= Raw data =

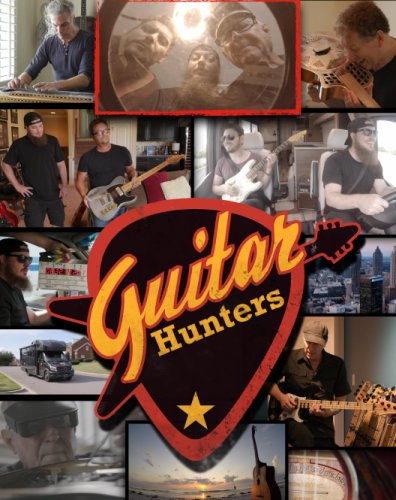 Guitar Hunters
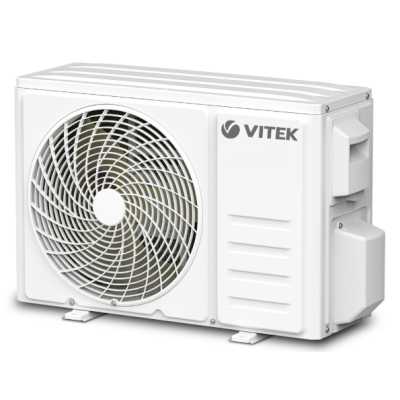 кондиционер Vitek VT-2512 W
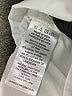MICHAEL Michael Kors White Short Sleeve Blouse Size XL - photo 5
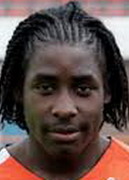 Kelvin Maynard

= Brief =
The copy must reproduce the listing above verbatim and contain no pictures.

= Answer section =
 Guitar Hunters
 кондиционер Vitek VT-2512 W
MICHAEL Michael Kors White Short Sleeve Blouse Size XL - photo 5
 Kelvin Maynard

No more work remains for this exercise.